However, assuming it is cold, and therefore not emitting light, and that you illuminate it with white light, then it will appear transparent. Neutrons have no electric dipole moment, but they do have a magnetic dipole moment. This means they do interact with photons and can scatter them in a similar way to protons or electrons, but the cross-section is much smaller.

The cross-section, when the photon energy is much less than the neutron rest mass energy is approximately $3\times 10^{-81}\nu^2$ m$^2$, where $\nu$ is the photon frequency (Gould 1993).

Assuming visible light with $\nu \sim 5\times 10^{14}$ Hz and a neutron number density of $n\sim 10^{44}$ m$^{-3}$, then the photon mean free path in the material is $\sim 10^7$ m. Thus a lab-sized lump will be transparent to visible photons.

In fact the mean free path would be longer than this because the calculation of the cross-section assumes that scattering states are available for the neutron. If the neutrons are degenerate, then the scattering rate would be reduced by another factor of $k_BT/E_F$, where $E_F$ was the Fermi energy of the degenerate neutrons, since only neutrons at the top of the "Fermi sea" could participate. On the other hand, the cross-section goes as $\nu^2$, so higher energy X-ray or Gamma ray photons are much more likely to be scattered.

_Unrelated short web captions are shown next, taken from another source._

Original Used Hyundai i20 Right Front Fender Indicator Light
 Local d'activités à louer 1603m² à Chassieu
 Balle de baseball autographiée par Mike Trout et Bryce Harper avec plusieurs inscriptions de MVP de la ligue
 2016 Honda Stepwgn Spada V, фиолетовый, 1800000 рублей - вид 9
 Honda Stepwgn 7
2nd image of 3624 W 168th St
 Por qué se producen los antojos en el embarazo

Real neutron star matter, at densities of a few $10^{17}$ kg/m$^3$ would consist of neutrons, protons and electrons in beta equilibrium. If you do the sums you find that by equating the Fermi energies and demanding baryon conservation and charge neutrality, that there are of order 10-100 times (depends on the exact density) more neutrons than protons or electrons.

There are easily enough electrons to scatter visible photons in any non-microscopic piece of neutron star material (the fact that the electrons are degenerate, makes no odds here, because typical neutron star interiors are at millions, if not billions of degrees, compared to tens of MeV electron Fermi energies and $\sim$eV photons). It will therefore be completely opaque.

As for its appearance I could not say; I am sure it would be determined by things going on at the surface. At a guess I would say it behaves like a perfect scatterer and that if it has a smooth surface it would look like a mirror. Entirely hypothetical though, since I don't see how you can prevent the neutron star matter reverting to its low density equilibrium composition at the surface - i.e. changing back into iron peak nuclei. From this non-hypothetical view I suspect that your lump of neutron star material would be a pretty good approximation to a black body at whatever temperature you had it and would absorb almost all light incident upon it.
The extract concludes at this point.